Schlachter forwarded the open letter from the business associations to the Green party friends with this comment:

Instead of a future convention, the Greens want a new regulatory control council

The clear, hostile announcements from business caused unrest in the Villa Reitzenstein: Kretschmann's head of state, Florian Stegmann, dissolved the Regulatory Control Council, which was actually supposed to work on the topics of the "Future Convention", shortly before Christmas.

The Regulatory Control Council, which was set up in 2018 at the suggestion of Klaus-Peter Murawski, then head of the Green Party, is now to be reconstituted in the first quarter of this year.

The proposals of the previous body were "two levels too far down", said Kretschmann as a reason.

Outraged statements by the honorary members of the committee were not long in coming, the chairwoman Gisela Meister-Scheufelen (CDU) referred to 160 suggestions for improvement and called her dismissal "disrespectful and styleless".

The task of the Regulatory Control Council was to calculate the so-called "compliance costs" for each almost completed law, i.e. to determine the costs and the bureaucracy for citizens, business and administration.

The new Regulatory Control Council, which will have fewer members with a CDU party book, will have a different orientation: It should subject every new standard to a “practice and digitization check” at an early stage and, as a precautionary measure, check which “unwanted bureaucratic burdens” for the “standard recipients”, i.e. the citizens, arise.

Practice check before the legislative process

Instead of the subsequent, quantitative assessment of bureaucracy costs, the drafting of new laws should be critically monitored even before the first cornerstones are drafted.

The green-black government is based on the approach of the Federal Government's Regulatory Control Council.

The actual legislative process is preceded by a "legislative laboratory" with a practical check.

So far, according to Kretschmann, the "bureaucratic hydra" has had its head cut off, and then two new monsters have grown up.
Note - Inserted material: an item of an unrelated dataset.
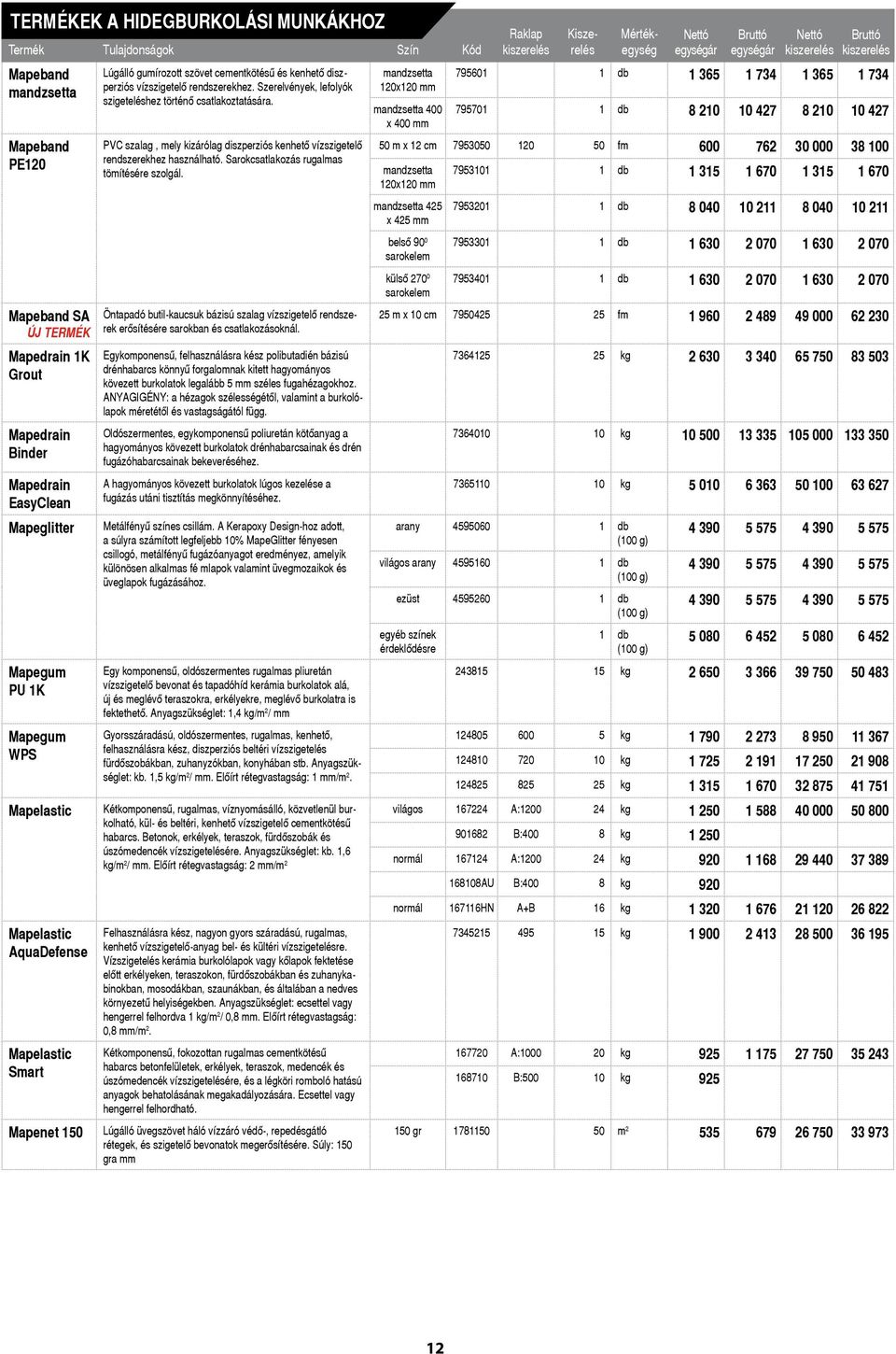 Szerelvények, lefolyók szigeteléshez történô csatlakoztatására. PVC szalag, mely kizárólag diszperziós kenhetô vízszigetelô rendszerekhez használható. Sarokcsatlakozás rugalmas tömítésére szolgál.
According to the additional "Transformation Master Plan", the reduction in bureaucracy is now to be tested in pilot projects for three months and then transferred to the entire state administration.

The old Regulatory Control Council also works preventively.

Critics say that norm control does not work without determining the "compliance effort" of a completed law: "If you do not calculate and name the costs of a firecracker ban, you have little opportunity to talk administration and politics out of such a law," says a former member of the Regulatory Control Council.

The government is only concerned with distracting from the limited success of the executive in reducing bureaucracy and digitization.

Experienced ministry officials say that the assertiveness of the prime minister and his head of state chancellor is decisive for reducing bureaucracy.

When presenting the master plan, Kretschmann said: "When I read my notes, I sometimes ask myself what else I can actually decide." The master plan is only a start.

"You can only change the world step by step."